LABELS: Pearl GEMM
WORKS: Works by Verdi, Meyerbeer, Leoncavallo, Puccini, Bizet
PERFORMER: Enrico Caruso
CATALOGUE NO: CDS 9030 (2 discs)
Singing your heart out into a recording horn can’t have been much fun, even for Enrico Caruso. However, in 1932 – a few years after the introduction of microphones – RCA brought the late-lamented ‘king of tenors’ back into the studio, granted him more space, a superior orchestra and the posthumous chance to ‘go electric’.
The results varied between excellent and laughable: 36 sides were cut, some of them allowing the magnificent voice ample breathing space, some not, and others being either out of sync with the original, or sounding merely like a relatively modern orchestra playing along with a very old 78. Still, Pearl’s set is a useful supplement to their ‘Complete Caruso’, and their documentation is admirable.
As it happens, one of Caruso’s greatest records – the Quartet from Rigoletto, with Galli-Curci, Perini and De Luca – also turns up in Romophone’s Galli-Curci collection. And even after 76 years, this illustrious foursome still sounds as if it’s singing outside your bedroom window: Ward Marston’s transfers prove beyond all reasonable doubt that the best way to treat old records is to keep them clean and leave them, warts, cartoon orchestras and all.
This Romophone ‘slimline’ two-CD presentation is superb, the disc timings generous and the singing (mainly arias and ensemble pieces), incomparably beautiful. If Galli-Curci’s brilliant and engaging voice triumphs over the passage of time so, surely, does the passionate, sweet-and-silvery vocalising of operatic superstar, restaurateur, Hollywood music coach and bon viveur, Nina Koshetz. Larger than life both in spirit and body, Koshetz was the stuff that romantic novels are made of.

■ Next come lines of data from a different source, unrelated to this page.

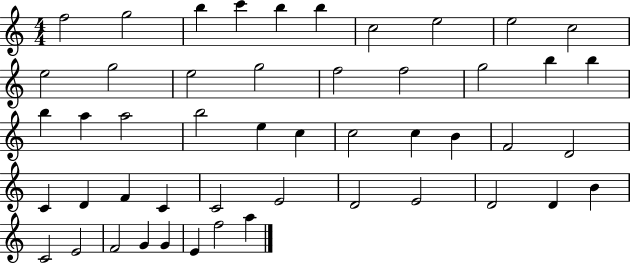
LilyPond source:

{
  \clef treble
  \numericTimeSignature
  \time 4/4
  \key c \major
  f''2 g''2 | b''4 c'''4 b''4 b''4 | c''2 e''2 | e''2 c''2 | \break e''2 g''2 | e''2 g''2 | f''2 f''2 | g''2 b''4 b''4 | \break b''4 a''4 a''2 | b''2 e''4 c''4 | c''2 c''4 b'4 | f'2 d'2 | \break c'4 d'4 f'4 c'4 | c'2 e'2 | d'2 e'2 | d'2 d'4 b'4 | \break c'2 e'2 | f'2 g'4 g'4 | e'4 f''2 a''4 | \bar "|."
}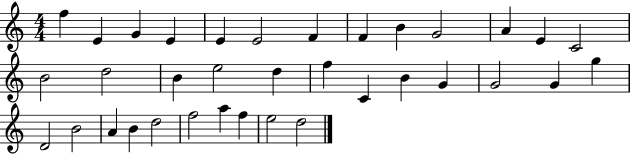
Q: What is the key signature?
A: C major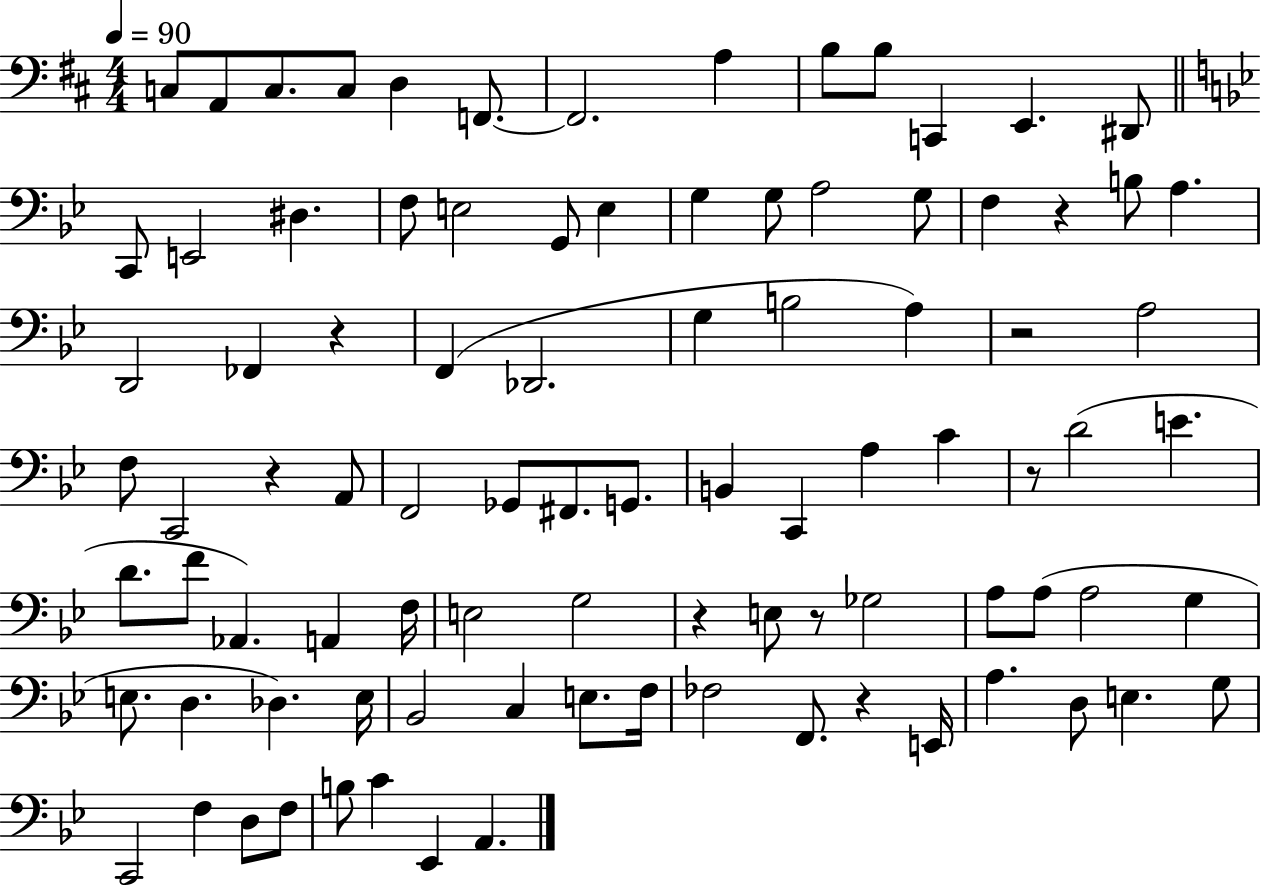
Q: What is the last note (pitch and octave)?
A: A2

Pearl’s Opal set includes a multitude of gems, not least being Chopin’s Tristesse, the traditional Yiddish Eili Eili and music by Rachmaninov (who was once Koshetz’s lover), Tchaikovsky, Grechaninov, etc. Heard directly after the theatrical emotionalism of Nina Koshetz, Kirsten Flagstad’s imperious declamations might seem rather cold, even formidable – appropriately, perhaps, given Flagstad’s preference for gods, heroes and heroines.
Her voice was a magnificent instrument; play her ‘Ho-jo-to-ho!’ (Die Walküre) and you encounter a strong, defiant warrior-in-arms. Play the 1908 Eily Mavourneen on my next disc and you hear, apparently, a virile heroic tenor. Or do you? Well, actually, you don’t: what you do hear is, according to reliable calculations, a 12-year-old girl who sounds like a virile, heroic tenor. Ruby Helder, or ‘The Girl Tenor’, was born in 1896 and died in Hollywood in 1940 and sounds like any other mildly accomplished Victorian/Edwardian balladeer.
Great she most certainly wasn’t, but her records are remarkable documents. As indeed are virtually any by that most princely of tenors, Jussi Björling. EMI’s new compilation sounds startlingly realistic and presents Björling at the very height of his powers. Nimbus do almost (but not quite) as well by Giacomo Lauri-Volpi, Mussolini’s favourite tenor and a trumpeting, aristocratic singer whose artistry and sense of line set new standards for his successors.
However, the most lyrical Italian tenor of the period was undoubtedly Tito Schipa, a sort of Latin John McCormack whose sensitivity to words and musical inflection are represented in this round-up by so-so transfers of broadcast recordings made between 1939 and 1959 in Germany and Holland, featuring duplicate versions of various songs. While Schipa was singing in Berlin, the world was on the brink of war and a great operatic era was drawing to a close.
Margherita Perras was recording Mozart, Erna Berger was heard in duet with Gino Sinimberghi, and Lauritz Melchior, Frida Leider, Lotte Schöne and Alexander Kipnis were still fresh in the memory. Nimbus’s wide-ranging collection of clarion calls from the Berlin State Opera reminds us that, thanks to CD, we still have easy access to those treasured voices.